# WORK TASK
All pictures are to be omitted while the lines starting at the line with "诚广鑫单片机ATMELDIP" and ending at the line with "Image result for Math Rubric" in the material below are retyped exactly, both ends included.
◇ ◇ ◇
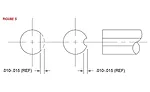 A simple ground flat on the diameter of the Go gage
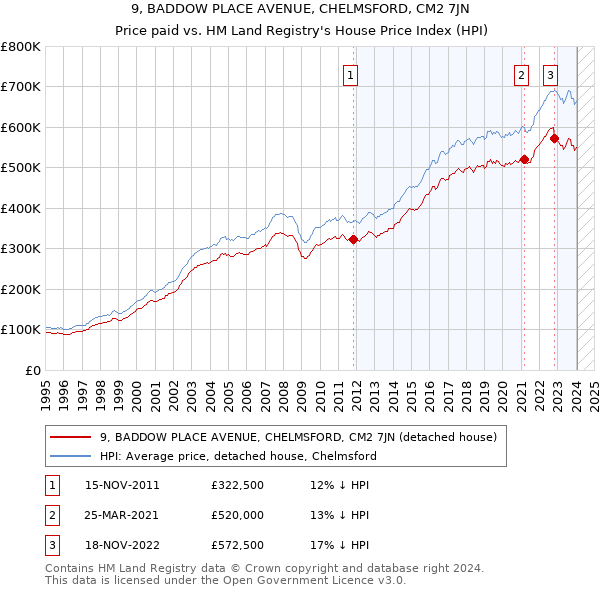 9, BADDOW PLACE AVENUE, CHELMSFORD, CM2 7JN: Price paid vs HM Land Registry's House Price Index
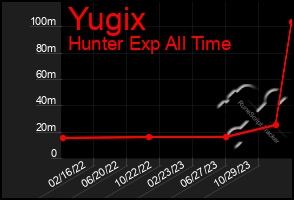 Total Graph of Yugix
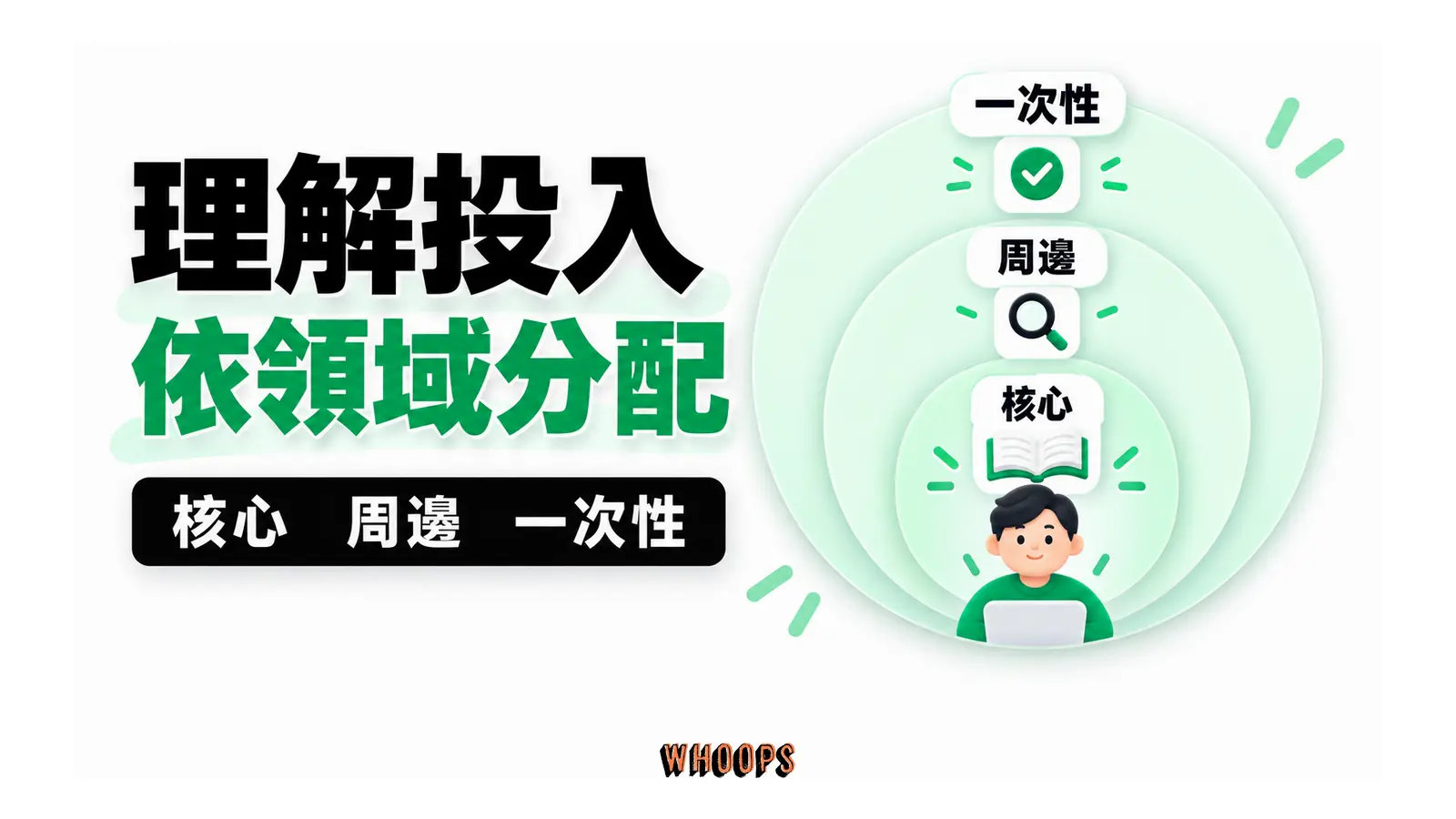 核心領域、周邊協作與一次性任務配置不同理解與查核投入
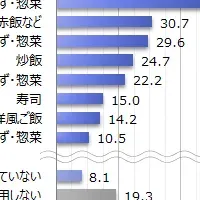 料理の素利用実態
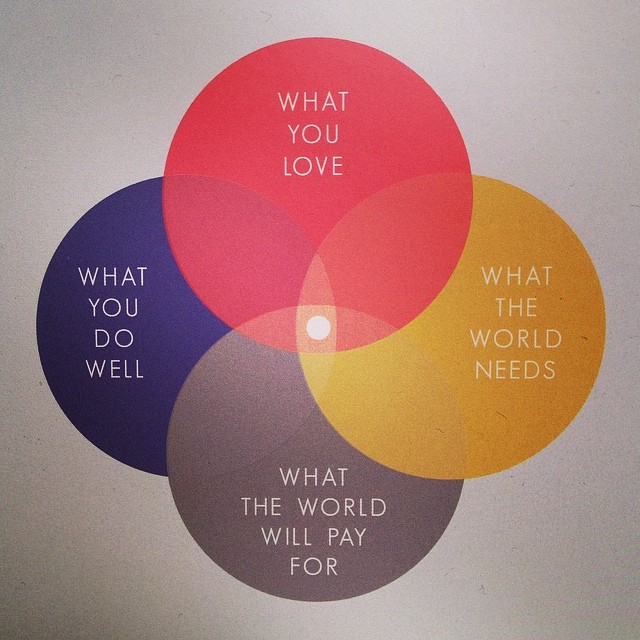 640x640 Find Your Place In The Venn Diagram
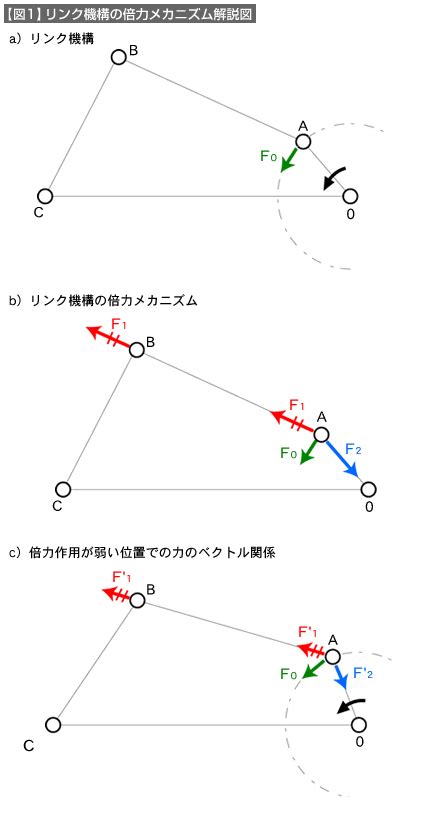 Image result for HTTP Non-Persistent Connection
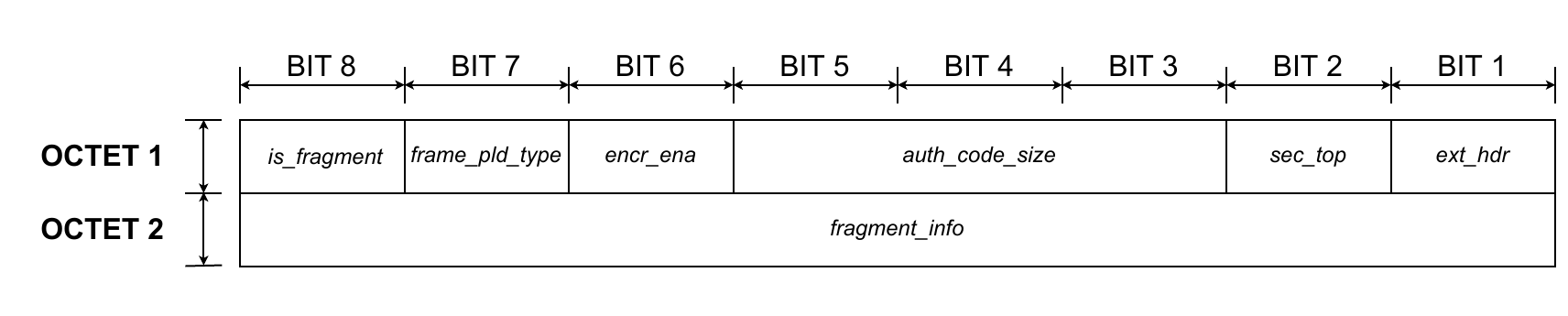 Network layer - Frame control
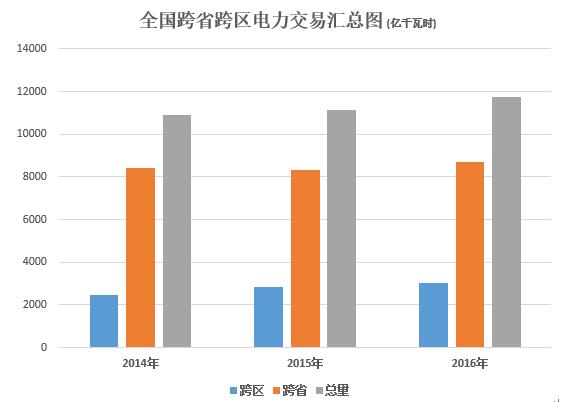 大云網(wǎng)電力交易分析：跨省跨區(qū)電能交易，你準(zhǔn)備好了嗎？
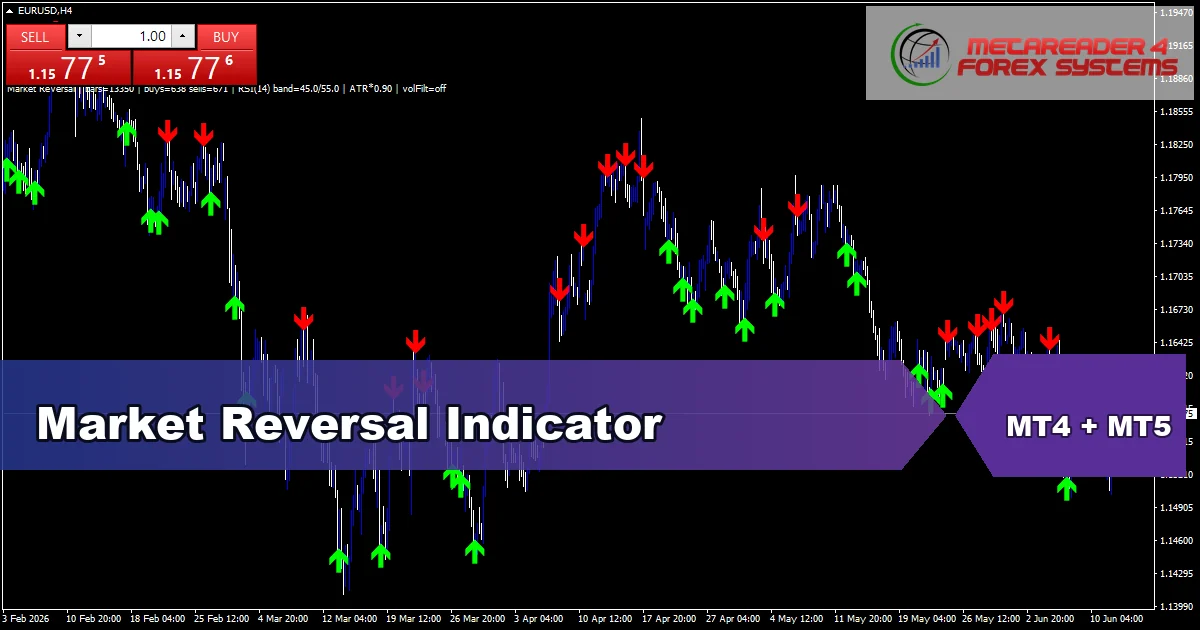 Market Reversal Indicator - MT4 and MT5 indicator featured image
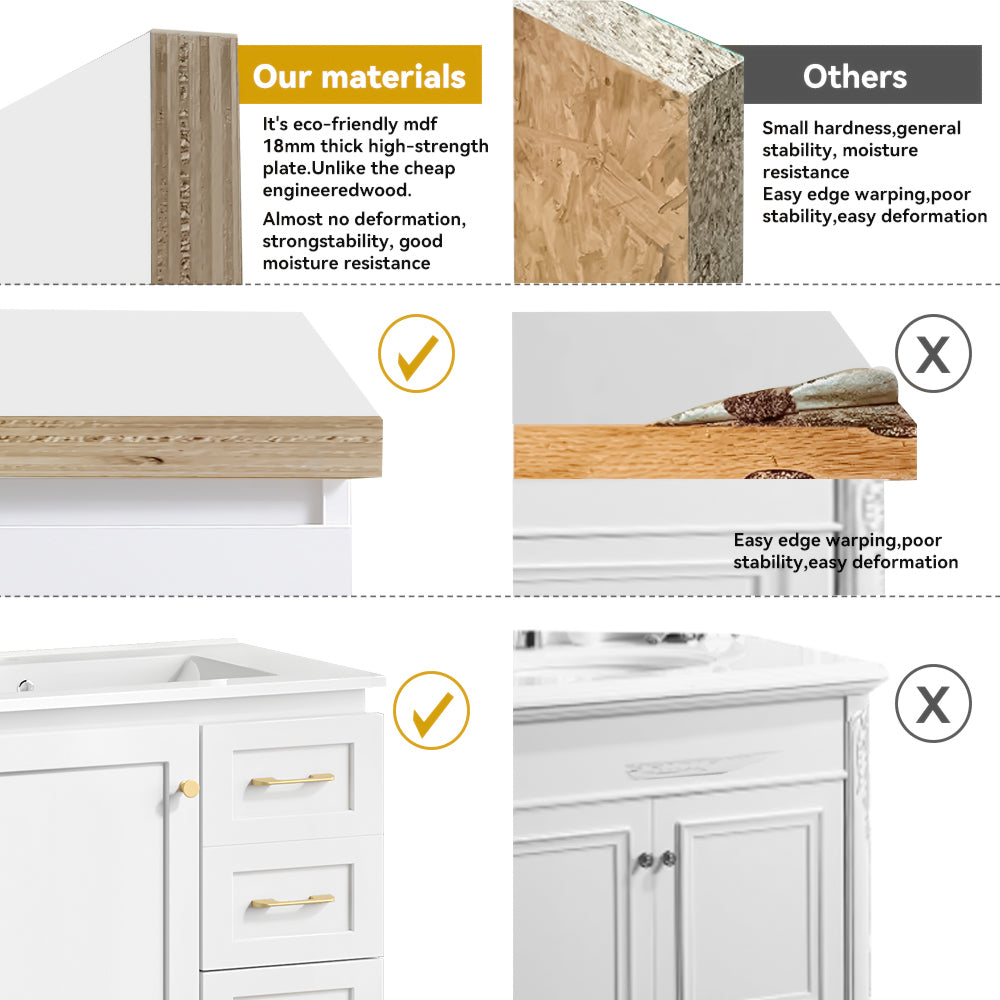 30" White Bathroom Vanity with Soft Close Doors and Ample Storage - White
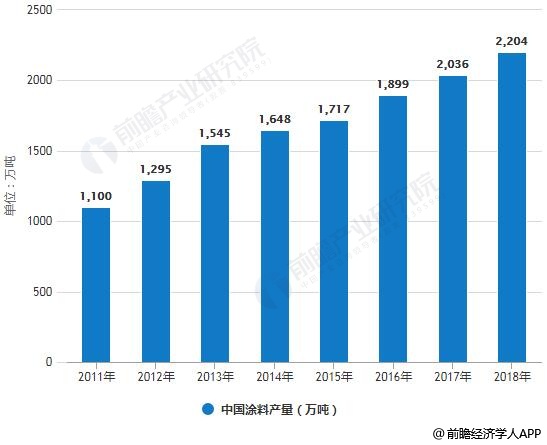 2011-2018年中国涂料产量统计情况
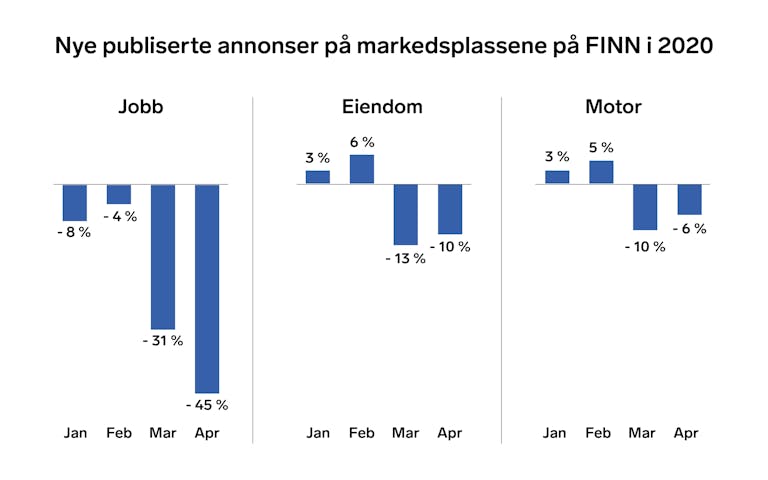 Utviklingen i antall nye publiserte annonser på markedsplassene Jobb, Eiendom og Motor fra januar til og med april 2020.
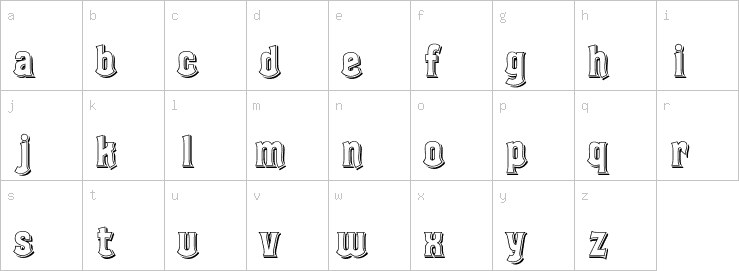 Lowercase characters
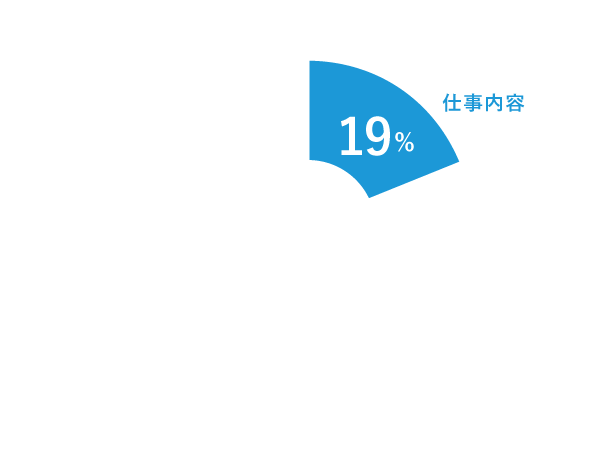仕事内容
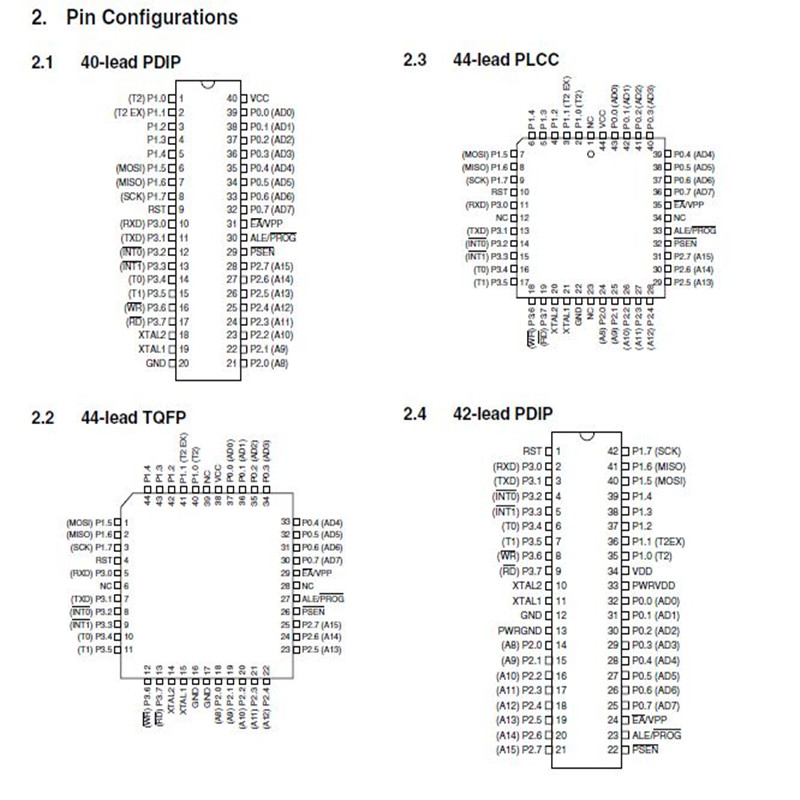 诚广鑫单片机ATMELDIP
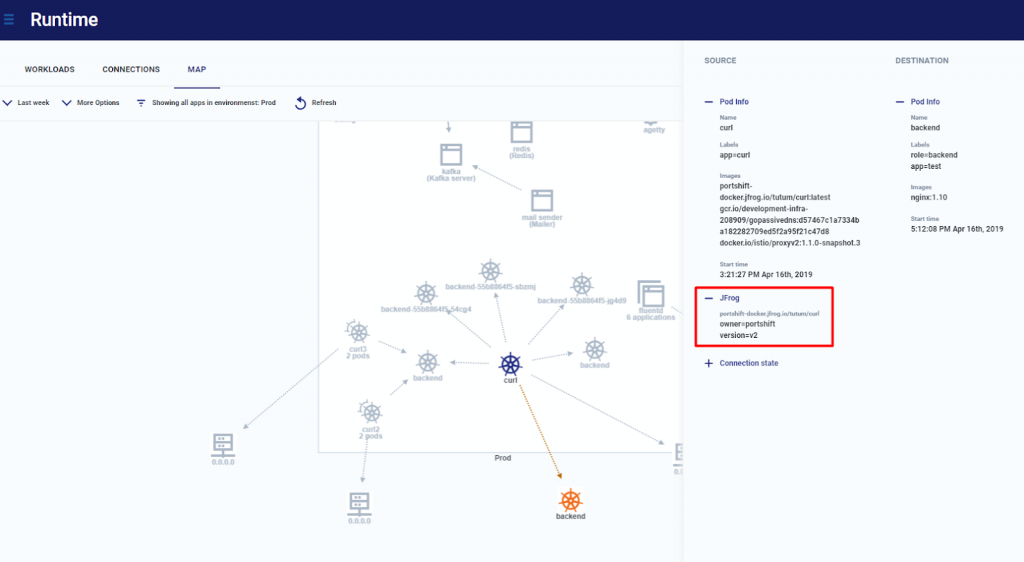 Portshift:运行时屏幕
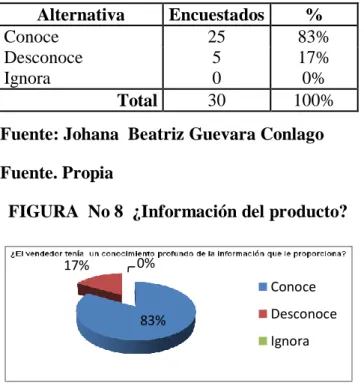 TABLA  No 8  ¿Información del producto? 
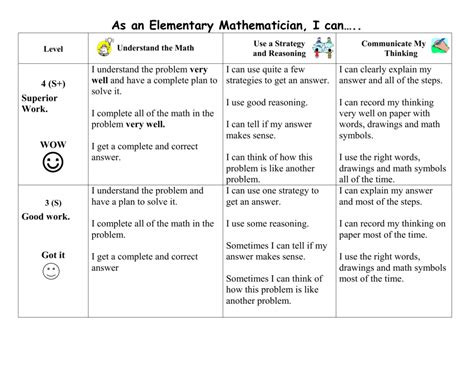 Image result for Math Rubric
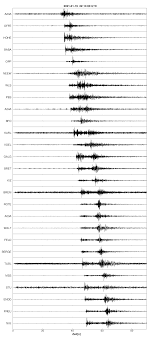 Nach einem schwachen erdbeben im zollernalbkreis am mittwochmorgen hat der landeserdbebendienst eine magnitude von 2,6 gemessen. Erdbeben Erdbebenmeldung Lgrb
◇ ◇ ◇
# TASK SOLUTION
 诚广鑫单片机ATMELDIP
 Portshift:运行时屏幕
 TABLA  No 8  ¿Información del producto? 
 Image result for Math Rubric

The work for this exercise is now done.